Prompt: Because the copy must hold no pictures, return the data below with all of its words intact.

Top of Recorded information

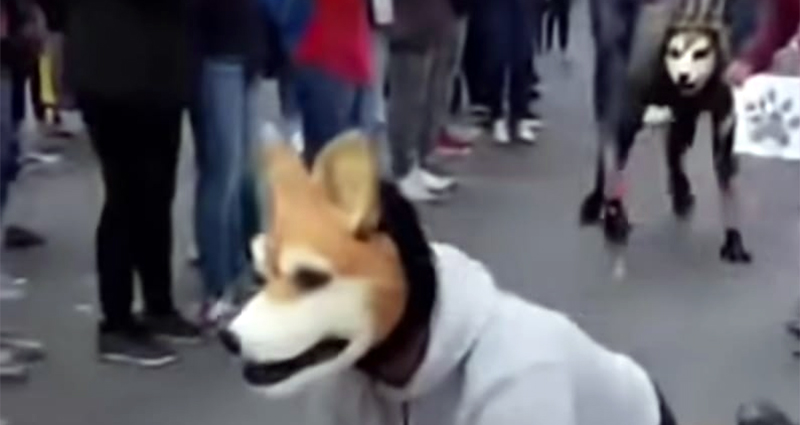 Sentirse o identificarse animal: ¿Ha llegado el fenómeno #therians a Ceuta?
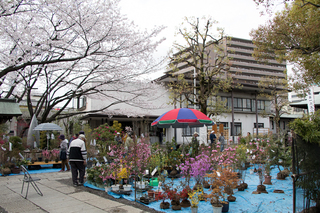 日本最古の植木市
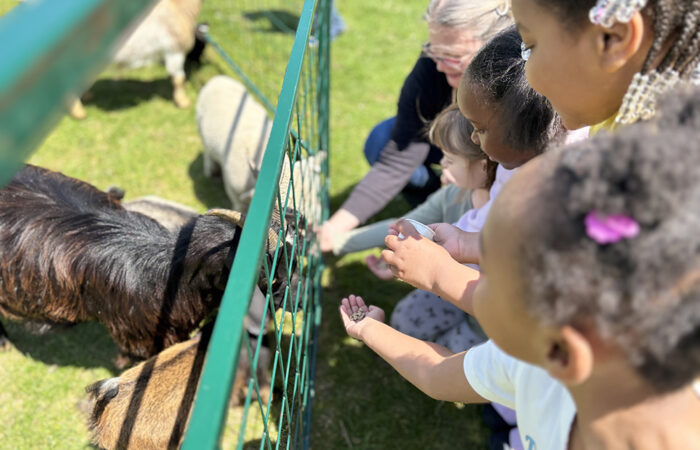 Zoo 4-MT_web Hands extended drew goats and sheep to kindergarteners at the Willow School petting zoo on May 15. (Marillyn Thomas/H-F Chronicle)
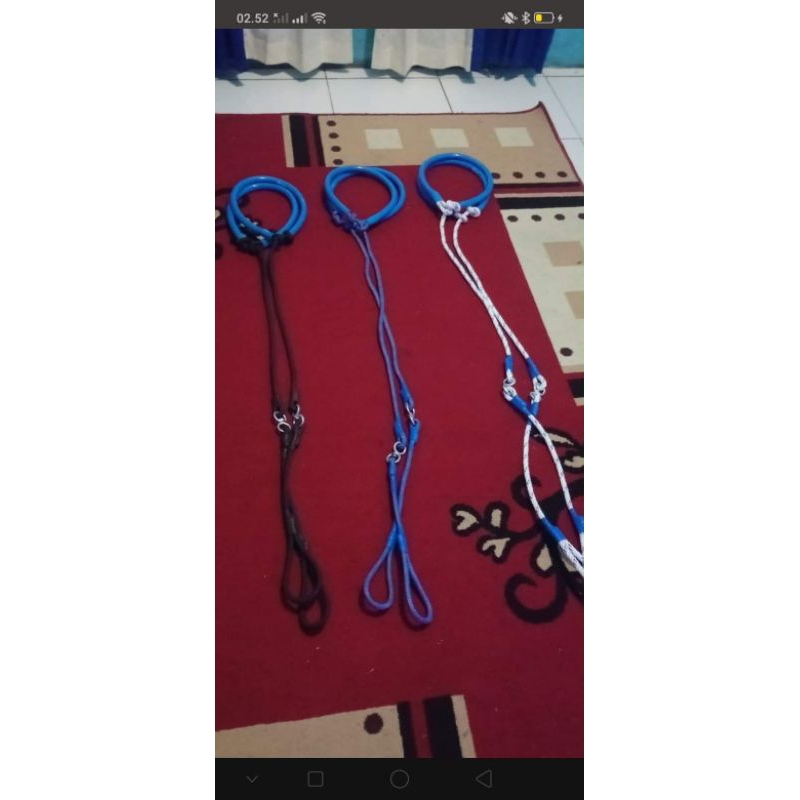 tambang jemur domba garut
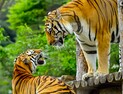 백두대간수목원, 사계절 테마 전시 강화… 호랑이트램 요금 인상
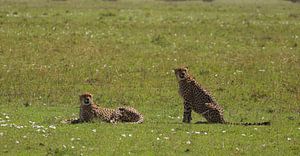 Cheetahs by G. van Dijk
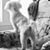Diane Russell's profile image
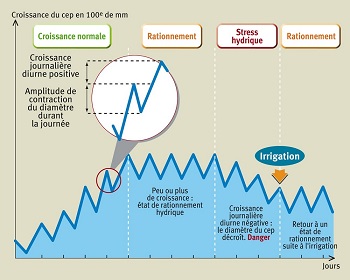 croissance et décroissance du dendrometre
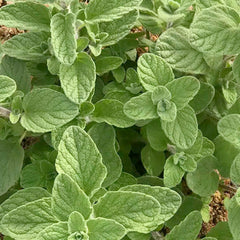 Oregano 'Za'atar' - 4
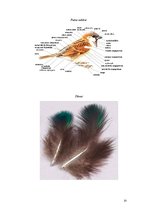 Research Papers 'Putnu spalvas un to nozīme', 10.
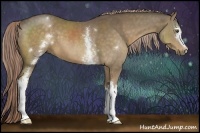Horse Color:White Spotted Chocolate Palomino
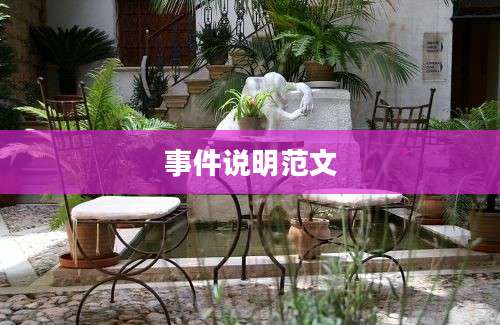 事件说明范文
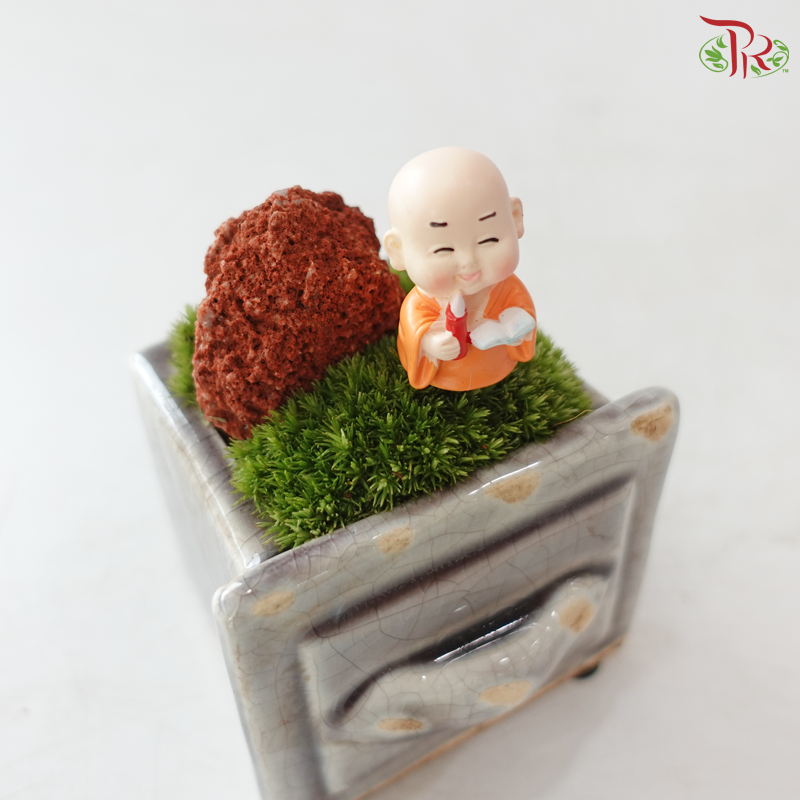 【Teacher‘s Day】Thanks a Moss Lot!(With Pot Colour Options)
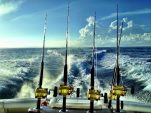 5 Must-Know Offshore Fishing Tips You Need For Success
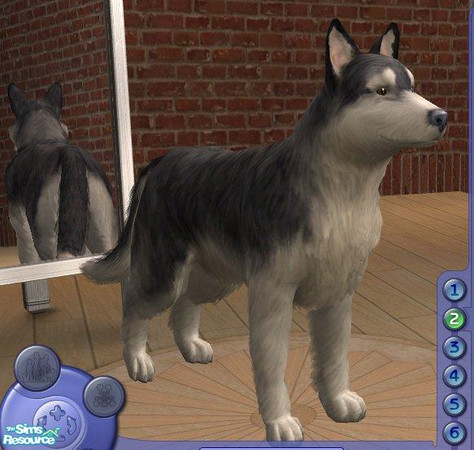 Sims 2 — Husky by Songe — 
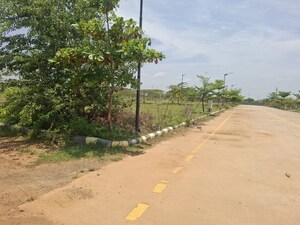 Plot Area in  Plot at Peddapur – for Sale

Bottom of Recorded information

Exercise answer:
 Sentirse o identificarse animal: ¿Ha llegado el fenómeno #therians a Ceuta?
 日本最古の植木市
 Zoo 4-MT_web Hands extended drew goats and sheep to kindergarteners at the Willow School petting zoo on May 15. (Marillyn Thomas/H-F Chronicle)
 tambang jemur domba garut
 백두대간수목원, 사계절 테마 전시 강화… 호랑이트램 요금 인상
 Cheetahs by G. van Dijk
Diane Russell's profile image
 croissance et décroissance du dendrometre
 Oregano 'Za'atar' - 4
 Research Papers 'Putnu spalvas un to nozīme', 10.
Horse Color:White Spotted Chocolate Palomino
 事件说明范文
 【Teacher‘s Day】Thanks a Moss Lot!(With Pot Colour Options)
 5 Must-Know Offshore Fishing Tips You Need For Success
 Sims 2 — Husky by Songe — 
 Plot Area in  Plot at Peddapur – for Sale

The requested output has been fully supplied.